SPLOST, solar on the table
County commissioners have a lengthy list of discussion topics for their annual planning session this week.
Prioritizing SPLOST projects and developing a community board to address the opioid crisis are among the topics Floyd County commissioners will take up this week.
The board is scheduled to meet today and Tuesday for its annual planning session. Commissioners have a full slate of items for discussion, ranging from personnel issues to potential solar power initiatives.
“There’s some opportunity there,” County Manager Jamie McCord said about solar. “It will depend on the federal budget, but we’ve got a lot of (usable) land — at the airport, the landfill.”
Floyd County commissioners are holding their retreat at the County Administration Building, 12 E. Fourth Ave. Today’s session runs from 1 to 6 p.m. Tuesday’s will be from 8 a.m. to noon. Both meetings are public.
Topping the agenda is a presentation of the county’s financial situation. Then the board is expected to look at how they’ll schedule projects in the 2017 special purpose, local option sales tax package.
Collections for that SPLOST won’t start until the 2013 levy expires on March 31, 2019, but the board could issue bonds to jump-start some work. Commissioners opted to cash-flow the 2013 package, waiting until the money is in the bank to do the work.
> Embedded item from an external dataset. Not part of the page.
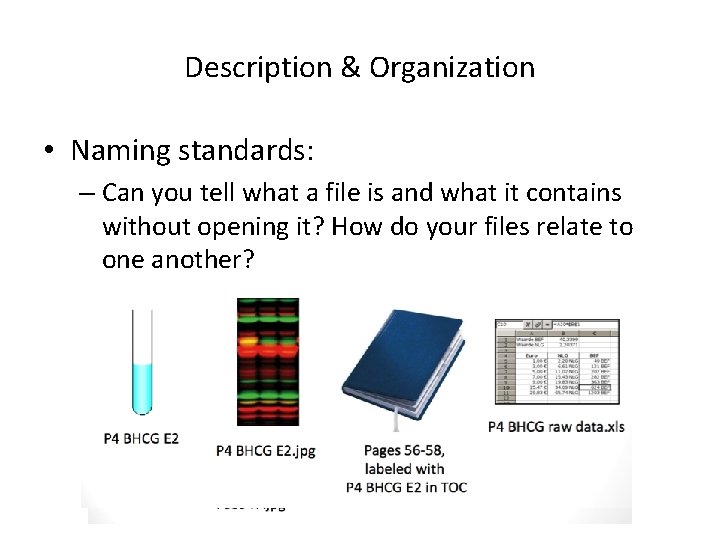 Description & Organization • Naming standards: – Can you tell what a file is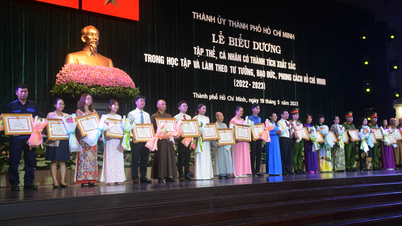 TP Hồ Chí Minh biểu dương 118 tập thể, 184 cá nhân điển hình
“I think your prioritization will tell you if you need to do bonds,” McCord told the commissioners at a meeting last week.
Commission Chair Rhonda Wallace said renovation of the Historic Floyd County Courthouse may not be able to wait. She asked for information on low-interest loans to be presented during the retreat.
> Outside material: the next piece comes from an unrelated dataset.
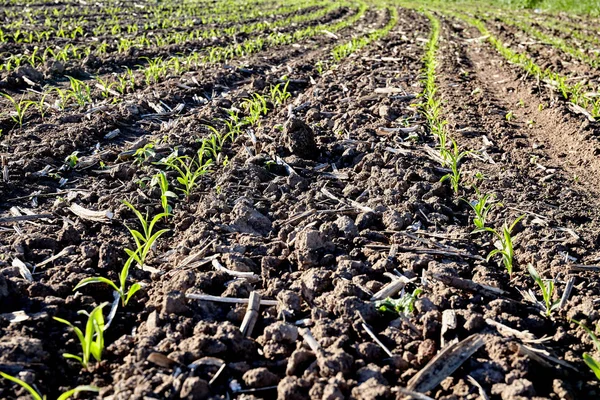 フィールドをスプラウトします 植物土壌 農業の概念 — ストック写真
Also, while the county joined a class-action lawsuit against opioid manufacturers, commissioners and local medical professionals talked last month about the need to take more immediate action.
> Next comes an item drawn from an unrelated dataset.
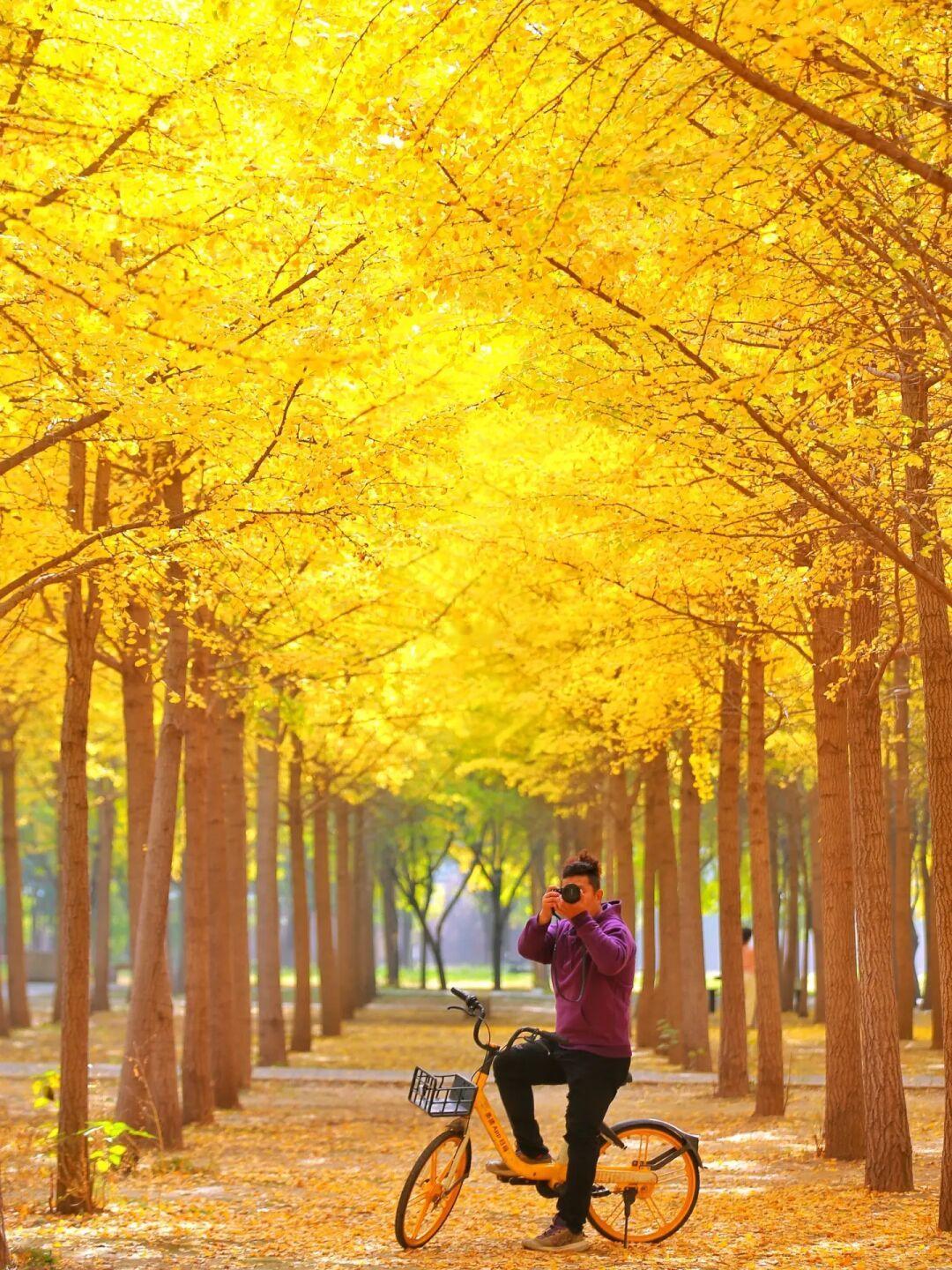 一树封神，市区如此的银杏大道谁不爱❤️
The board is expected to determine who should serve on a panel tasked with developing options. Law enforcement and the courts are likely to have representation as well as physicians, counselors and others who deal with addictive behavior. “I informally polled our police at a recent event and it seems like 60 percent to 85 percent of what they do is connected to drugs,” Commissioner Wright Bagby said.
The opioid panel discussion is scheduled for Tuesday’s session.
Other items that day include possible uses of the former Northwest Georgia Regional Hospital property, an audit of hotel/motel tax payments, changes in some personnel policies and the contract with Safari Hospitality to manage the Forum River Center.
“It doesn’t seem like it’s been that long, but the Safari agreement expires (this month),” McCord noted.
Today’s agenda will cover the 2017 SPLOST and a discussion of space needs.
McCord has been looking for more room for court activities — which have grown beyond the capacity of the RomeFloyd County Courthouse — and where to put tag, title and deed operations during remodeling of the Historic Courthouse. Other offices, such as elections and voter registration, also are cramped.
Revisions of the Animal Welfare Board makeup and the contract for the Wings Over North Georgia air show are among the other items on the table today.